BAKHSALIYEV N. , ÇELİKKALE İ. , ENHOŞ A. , KARAÇÖP E. , ULUGANYAN M. , ÖZDEMİR R.

HERZ, 2021 (Journal Indexed in SCI) identifier identifier identifier

  • Publication Type: Article / Article
  • Publication Date: 2021
  • Doi Number: 10.1007/s00059-021-05063-w
  • Title of Journal : HERZ
  • Keywords: Atrial flow regulator, Heart failure, Hospitalization, Interatrial shunt, Mortality, CITY CARDIOMYOPATHY QUESTIONNAIRE, PREDICTING SURVIVAL, HEALTH-STATUS, RISK SCORE, HOSPITALIZATION

Abstract

Background Implantation of the atrial flow regulator (AFR) to create an interatrial left-to-right shunt has been shown to be safe and feasible to reduce intracardiac filling pressures in patients with heart failure (HF). Objectives We aimed to assess the effect of AFR implantation on 12-month mortality and hospitalization rates in patients with reduced (HFrEF) or preserved HF (HFpEF). Methods One-year follow-up data from 34 subjects enrolled at a single PRELIEVE center were analyzed. The 12-month predicted mortality was calculated using the Meta-Analysis Global Group in Chronic Heart Failure (MAGGIC) risk score. Patients were divided into two groups, according to their history of hospitalizations for HF. Results Study data of 34 patients (HFrEF: 24 [70.6%]; HFpEF: 10 [29.4%]) were assessed. Median follow-up duration was 355 days.

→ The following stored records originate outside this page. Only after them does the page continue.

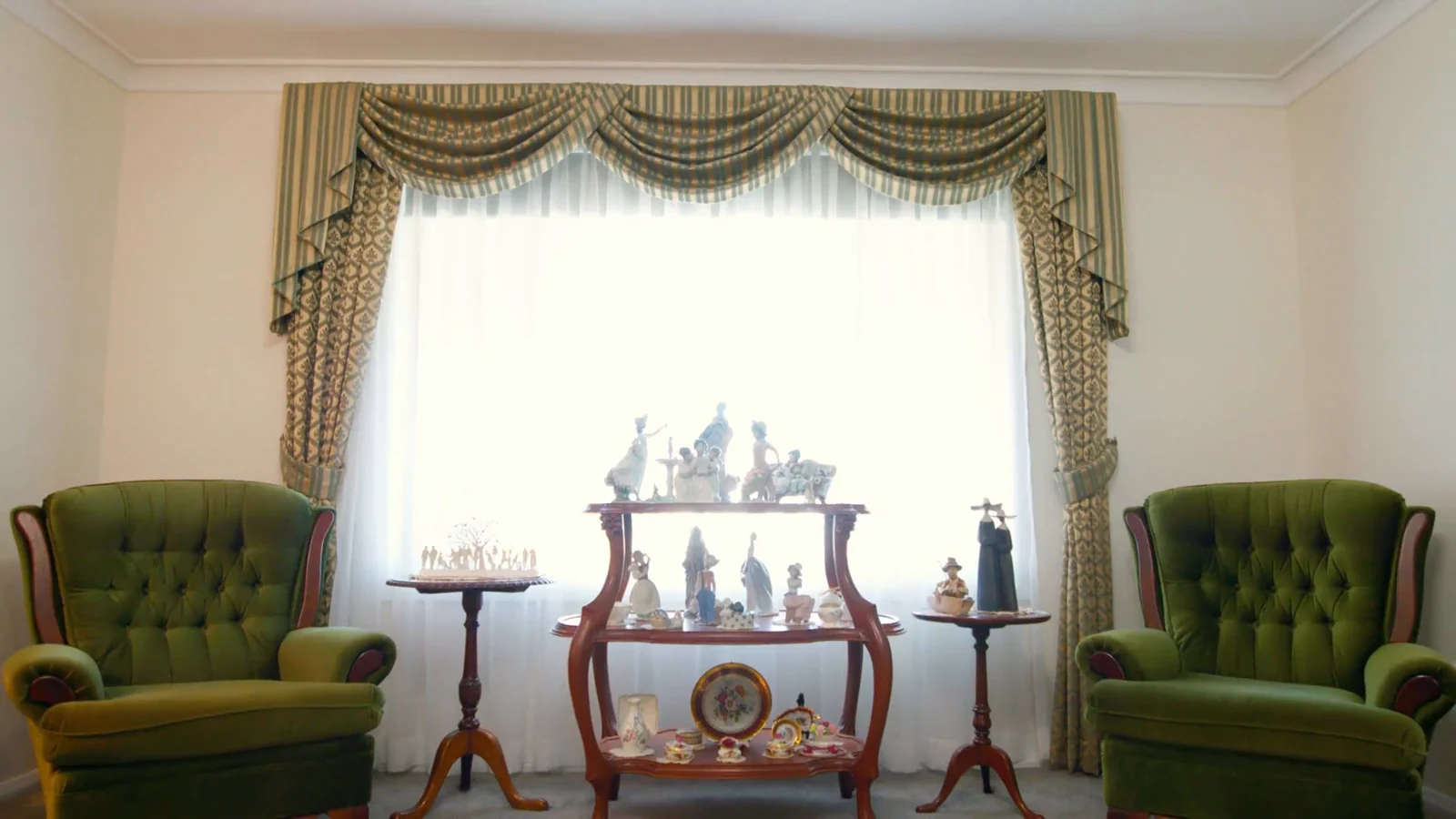 Swagged and tailed curtains over sheers in a formal sitting room, by Quicksew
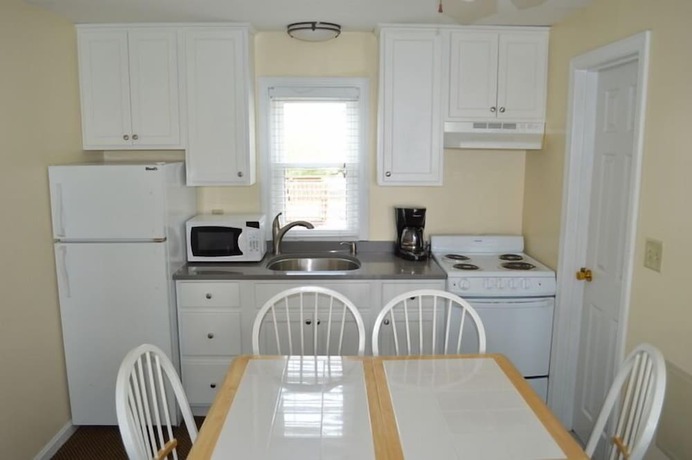 Imagen de la habitación del Hotel The Pelham Resort Motel. Foto 3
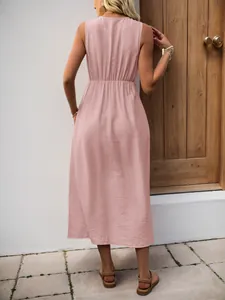 Rear view of pink sleeveless midi dress with elastic smocked waist detail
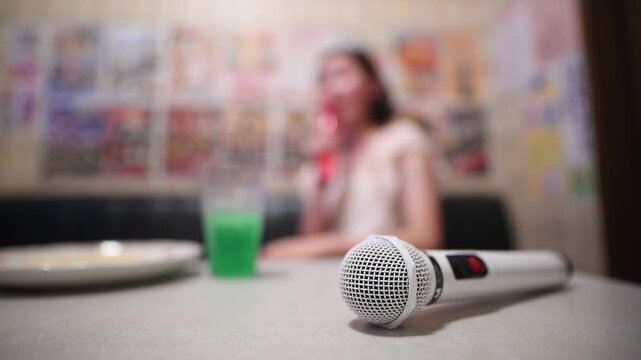 手前のマイクと奥に歌う女性がいるぼやけたカラオケルームの風景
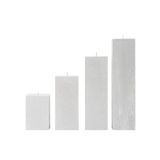 Set of four rectangular concrete candles on a white background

In total, 14 (41.2%) patients were hospitalized during the follow-up period and 6 (17.6%) of these patients were hospitalization for HF (HHF). A total of 24 hospitalizations occurred in this period and 8 (33%) hospitalizations were for HHF. The median baseline MAGGIC score was 23 and the median predicted mortality was 13.4/100 patient years. Observed mortality was 3.1/100 patient years. The observed survival (97%) was 10.3% (95% confidence interval 3.6-17.5%, p = 0.004) better than the predicted survival (86.6%). Conclusion Our results suggest that AFR implantation has favorable effects on mortality in patients with heart failure, regardless of ejection fraction. Furthermore, compared to baseline, left ventricular filling pressure (assessed by echocardiography) decreased significantly without right side volume overload at the 1-year follow-up.